Piazza Lisa, Di Stefano Miriana, Poles Clarissa, Bononi Giulia, Poli Giulio, Renzi Gioele, Galati Salvatore, Giordano Antonio, Macchia Marco, Carta Fabrizio, Supuran Claudiu T, Tuccinardi Tiziano
Department of Pharmacy, University of Pisa, 56126 Pisa, Italy.
Telethon Institute of Genetics and Medicine, 80078 Naples, Italy.
Pharmaceuticals (Basel). 2025 Jul 5;18(7):1007. doi: 10.3390/ph18071007.

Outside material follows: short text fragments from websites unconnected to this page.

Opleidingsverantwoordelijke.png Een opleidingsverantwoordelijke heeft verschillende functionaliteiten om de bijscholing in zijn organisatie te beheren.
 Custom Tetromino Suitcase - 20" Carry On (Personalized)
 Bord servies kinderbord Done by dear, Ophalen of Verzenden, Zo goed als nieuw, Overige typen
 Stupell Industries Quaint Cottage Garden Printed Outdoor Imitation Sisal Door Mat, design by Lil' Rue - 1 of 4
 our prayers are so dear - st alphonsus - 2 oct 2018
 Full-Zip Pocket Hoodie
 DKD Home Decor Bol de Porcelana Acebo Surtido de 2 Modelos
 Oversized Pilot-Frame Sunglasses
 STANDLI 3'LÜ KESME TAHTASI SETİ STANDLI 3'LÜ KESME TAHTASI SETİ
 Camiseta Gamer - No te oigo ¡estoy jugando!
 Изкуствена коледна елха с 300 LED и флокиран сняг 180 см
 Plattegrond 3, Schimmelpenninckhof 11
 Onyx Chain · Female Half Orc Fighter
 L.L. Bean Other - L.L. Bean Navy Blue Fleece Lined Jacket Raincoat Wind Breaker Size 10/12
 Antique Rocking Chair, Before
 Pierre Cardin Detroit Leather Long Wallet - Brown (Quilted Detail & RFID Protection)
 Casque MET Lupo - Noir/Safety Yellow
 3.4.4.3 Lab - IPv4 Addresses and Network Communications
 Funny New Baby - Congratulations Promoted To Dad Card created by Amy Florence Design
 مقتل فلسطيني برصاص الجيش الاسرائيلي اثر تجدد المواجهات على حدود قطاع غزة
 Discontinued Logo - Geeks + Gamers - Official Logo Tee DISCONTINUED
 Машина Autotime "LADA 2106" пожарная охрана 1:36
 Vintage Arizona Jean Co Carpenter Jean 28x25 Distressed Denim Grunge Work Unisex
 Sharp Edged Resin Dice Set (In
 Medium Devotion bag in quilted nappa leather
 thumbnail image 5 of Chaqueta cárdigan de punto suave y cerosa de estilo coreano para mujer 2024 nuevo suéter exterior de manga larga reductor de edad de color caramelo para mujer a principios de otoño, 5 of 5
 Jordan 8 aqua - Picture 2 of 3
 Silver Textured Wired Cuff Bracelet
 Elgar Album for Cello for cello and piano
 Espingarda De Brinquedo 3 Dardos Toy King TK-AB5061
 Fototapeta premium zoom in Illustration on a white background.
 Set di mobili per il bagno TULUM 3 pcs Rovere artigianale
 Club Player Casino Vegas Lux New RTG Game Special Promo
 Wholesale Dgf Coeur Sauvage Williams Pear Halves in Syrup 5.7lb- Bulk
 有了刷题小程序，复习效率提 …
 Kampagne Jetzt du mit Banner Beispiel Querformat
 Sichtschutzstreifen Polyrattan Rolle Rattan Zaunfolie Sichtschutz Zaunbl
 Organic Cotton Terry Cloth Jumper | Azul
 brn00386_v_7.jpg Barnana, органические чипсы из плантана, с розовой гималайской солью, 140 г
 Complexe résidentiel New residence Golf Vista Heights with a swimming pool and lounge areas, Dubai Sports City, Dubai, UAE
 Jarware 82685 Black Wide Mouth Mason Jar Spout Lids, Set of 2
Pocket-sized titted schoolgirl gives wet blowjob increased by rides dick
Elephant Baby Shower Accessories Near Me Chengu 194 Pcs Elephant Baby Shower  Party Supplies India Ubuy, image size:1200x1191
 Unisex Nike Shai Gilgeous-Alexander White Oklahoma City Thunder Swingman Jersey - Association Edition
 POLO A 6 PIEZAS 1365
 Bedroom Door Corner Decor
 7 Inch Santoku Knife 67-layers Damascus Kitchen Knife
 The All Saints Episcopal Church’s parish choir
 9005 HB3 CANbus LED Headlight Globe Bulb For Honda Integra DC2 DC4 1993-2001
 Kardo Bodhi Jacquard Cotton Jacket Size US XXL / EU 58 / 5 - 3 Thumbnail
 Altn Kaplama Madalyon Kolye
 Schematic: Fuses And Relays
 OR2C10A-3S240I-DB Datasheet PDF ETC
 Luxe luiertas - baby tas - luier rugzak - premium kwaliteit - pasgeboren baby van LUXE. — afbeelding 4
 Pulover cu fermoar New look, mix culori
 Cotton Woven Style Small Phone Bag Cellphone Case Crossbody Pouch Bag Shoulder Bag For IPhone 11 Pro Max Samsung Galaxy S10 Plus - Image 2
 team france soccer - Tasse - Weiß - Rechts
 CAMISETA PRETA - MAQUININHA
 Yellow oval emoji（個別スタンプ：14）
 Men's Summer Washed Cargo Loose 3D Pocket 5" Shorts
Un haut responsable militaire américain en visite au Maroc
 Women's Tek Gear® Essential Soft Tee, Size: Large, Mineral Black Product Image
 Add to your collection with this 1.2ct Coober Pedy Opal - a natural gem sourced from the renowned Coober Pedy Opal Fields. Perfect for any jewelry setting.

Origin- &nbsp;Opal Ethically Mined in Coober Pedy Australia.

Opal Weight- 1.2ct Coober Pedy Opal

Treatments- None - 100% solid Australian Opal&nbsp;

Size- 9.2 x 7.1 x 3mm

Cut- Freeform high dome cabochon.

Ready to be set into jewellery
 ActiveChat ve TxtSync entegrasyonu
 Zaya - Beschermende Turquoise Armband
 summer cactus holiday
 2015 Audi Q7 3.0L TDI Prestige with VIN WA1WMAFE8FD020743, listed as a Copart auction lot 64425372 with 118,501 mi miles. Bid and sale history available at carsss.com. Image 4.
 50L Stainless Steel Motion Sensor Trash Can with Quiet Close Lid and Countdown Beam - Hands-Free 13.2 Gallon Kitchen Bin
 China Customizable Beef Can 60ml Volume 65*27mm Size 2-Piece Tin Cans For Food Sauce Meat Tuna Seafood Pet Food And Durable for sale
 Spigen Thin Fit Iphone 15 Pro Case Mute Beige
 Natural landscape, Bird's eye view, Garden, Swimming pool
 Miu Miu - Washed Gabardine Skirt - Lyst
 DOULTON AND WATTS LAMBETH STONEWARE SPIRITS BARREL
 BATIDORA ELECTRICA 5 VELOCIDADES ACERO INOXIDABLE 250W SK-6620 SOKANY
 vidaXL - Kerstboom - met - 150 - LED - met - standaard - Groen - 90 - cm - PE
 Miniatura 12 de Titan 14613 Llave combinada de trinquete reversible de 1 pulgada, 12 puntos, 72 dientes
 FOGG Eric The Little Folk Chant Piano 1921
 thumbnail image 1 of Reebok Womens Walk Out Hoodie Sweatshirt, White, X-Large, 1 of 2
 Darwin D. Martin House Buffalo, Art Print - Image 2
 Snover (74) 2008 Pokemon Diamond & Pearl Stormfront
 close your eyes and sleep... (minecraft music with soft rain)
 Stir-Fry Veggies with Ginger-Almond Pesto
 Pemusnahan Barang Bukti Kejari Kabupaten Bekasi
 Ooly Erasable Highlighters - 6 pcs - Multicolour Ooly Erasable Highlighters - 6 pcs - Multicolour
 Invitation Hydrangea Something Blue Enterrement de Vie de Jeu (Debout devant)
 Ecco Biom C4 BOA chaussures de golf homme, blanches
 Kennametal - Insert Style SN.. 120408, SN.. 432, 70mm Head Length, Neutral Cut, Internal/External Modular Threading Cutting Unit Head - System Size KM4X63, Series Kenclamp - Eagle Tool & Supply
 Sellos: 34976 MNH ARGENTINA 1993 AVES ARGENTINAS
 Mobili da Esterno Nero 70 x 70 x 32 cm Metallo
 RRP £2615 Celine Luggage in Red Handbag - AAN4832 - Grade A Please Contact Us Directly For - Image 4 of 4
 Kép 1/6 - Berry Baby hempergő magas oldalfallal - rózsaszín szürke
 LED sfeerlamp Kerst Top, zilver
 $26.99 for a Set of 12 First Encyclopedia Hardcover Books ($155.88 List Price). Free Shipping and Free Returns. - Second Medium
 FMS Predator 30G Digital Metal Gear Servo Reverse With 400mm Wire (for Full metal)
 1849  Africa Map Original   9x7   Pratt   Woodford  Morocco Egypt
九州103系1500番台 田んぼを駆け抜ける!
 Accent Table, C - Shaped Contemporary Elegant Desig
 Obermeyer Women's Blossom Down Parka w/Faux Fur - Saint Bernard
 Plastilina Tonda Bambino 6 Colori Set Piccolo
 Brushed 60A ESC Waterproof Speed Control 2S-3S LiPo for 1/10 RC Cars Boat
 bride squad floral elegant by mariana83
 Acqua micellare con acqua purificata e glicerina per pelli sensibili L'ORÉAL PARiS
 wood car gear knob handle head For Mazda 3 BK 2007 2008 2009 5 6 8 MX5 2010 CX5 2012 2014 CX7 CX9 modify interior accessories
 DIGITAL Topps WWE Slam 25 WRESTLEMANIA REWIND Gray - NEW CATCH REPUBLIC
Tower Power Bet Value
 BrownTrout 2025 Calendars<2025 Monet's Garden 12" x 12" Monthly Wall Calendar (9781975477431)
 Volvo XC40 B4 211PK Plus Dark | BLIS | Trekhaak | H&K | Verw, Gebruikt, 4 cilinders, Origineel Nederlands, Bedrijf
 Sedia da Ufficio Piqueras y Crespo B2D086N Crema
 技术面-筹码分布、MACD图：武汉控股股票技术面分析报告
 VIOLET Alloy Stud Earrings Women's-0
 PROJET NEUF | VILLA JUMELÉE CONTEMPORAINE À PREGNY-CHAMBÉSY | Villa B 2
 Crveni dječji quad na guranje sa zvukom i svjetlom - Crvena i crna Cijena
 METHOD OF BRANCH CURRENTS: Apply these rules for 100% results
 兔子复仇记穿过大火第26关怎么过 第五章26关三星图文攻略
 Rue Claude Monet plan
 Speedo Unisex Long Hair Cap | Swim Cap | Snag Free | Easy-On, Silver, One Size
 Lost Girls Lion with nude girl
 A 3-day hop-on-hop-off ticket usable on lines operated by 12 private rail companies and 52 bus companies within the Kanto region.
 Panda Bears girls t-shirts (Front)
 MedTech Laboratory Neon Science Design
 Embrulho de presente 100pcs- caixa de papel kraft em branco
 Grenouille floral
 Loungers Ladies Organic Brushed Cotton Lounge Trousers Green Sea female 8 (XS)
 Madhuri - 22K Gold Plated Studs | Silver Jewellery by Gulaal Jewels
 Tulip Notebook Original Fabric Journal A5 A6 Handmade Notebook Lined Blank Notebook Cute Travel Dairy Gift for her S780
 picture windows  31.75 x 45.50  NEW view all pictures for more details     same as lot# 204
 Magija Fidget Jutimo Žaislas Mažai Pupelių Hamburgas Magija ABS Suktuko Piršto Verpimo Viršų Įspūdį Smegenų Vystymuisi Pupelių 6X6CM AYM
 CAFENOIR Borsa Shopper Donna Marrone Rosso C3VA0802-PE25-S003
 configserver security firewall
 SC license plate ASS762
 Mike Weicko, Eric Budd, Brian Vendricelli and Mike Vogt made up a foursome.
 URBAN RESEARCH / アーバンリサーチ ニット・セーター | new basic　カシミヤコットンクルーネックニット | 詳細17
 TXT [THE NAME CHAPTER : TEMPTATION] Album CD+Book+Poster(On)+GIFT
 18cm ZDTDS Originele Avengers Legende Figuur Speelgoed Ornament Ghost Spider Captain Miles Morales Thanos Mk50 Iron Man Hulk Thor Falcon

Human carbonic anhydrases (hCAs) are metalloenzymes involved in essential physiological processes, and their selective inhibition holds therapeutic potential across a wide range of disorders. However, the high degree of structural similarity among isoforms poses a significant challenge for the design of selective inhibitors. In this work, we present a machine learning (ML)-based platform for the isoform-specific prediction and profiling of small molecules targeting hCA I, II, IX, and XII. By integrating four molecular representations with four ML algorithms, we built 64 classification models, each extensively optimized and validated. The best-performing models for each isoform were applied in a virtual screening campaign for ~2 million compounds. Following a multi-step refinement process, 12 candidates were identified, purchased, and experimentally tested. Several compounds showed potent inhibitory activity in the nanomolar to submicromolar range, with selectivity profiles across the isoforms. To gain mechanistic insights, SHAP-based feature importance analysis and molecular docking supported by molecular dynamics simulations were employed, highlighting the structural determinants of the predicted activity. This study demonstrates the effectiveness of integrating ML, cheminformatics, and experimental validation to accelerate the discovery of selective carbonic anhydrase inhibitors and provides a generalizable framework for activity profiling across enzyme isoforms.
人类碳酸酐酶(hCAs)是参与基本生理过程的金属酶,其选择性抑制在多种疾病中具有治疗潜力。然而,同工型之间高度的结构相似性对选择性抑制剂的设计构成了重大挑战。在这项工作中,我们提出了一个基于机器学习(ML)的平台,用于对靶向hCA I、II、IX和XII的小分子进行同工型特异性预测和分析。通过将四种分子表示与四种ML算法相结合,我们构建了64个分类模型,每个模型都经过广泛优化和验证。将每种同工型的最佳性能模型应用于对约200万种化合物的虚拟筛选活动。经过多步优化过程,鉴定出12种候选化合物,进行购买并进行实验测试。几种化合物在纳摩尔至亚微摩尔范围内显示出强效抑制活性,且对不同同工型具有选择性。为了获得机理见解,采用了基于SHAP的特征重要性分析以及分子动力学模拟支持的分子对接,突出了预测活性的结构决定因素。这项研究证明了整合ML、化学信息学和实验验证以加速选择性碳酸酐酶抑制剂发现的有效性,并为跨酶同工型的活性分析提供了一个可推广的框架。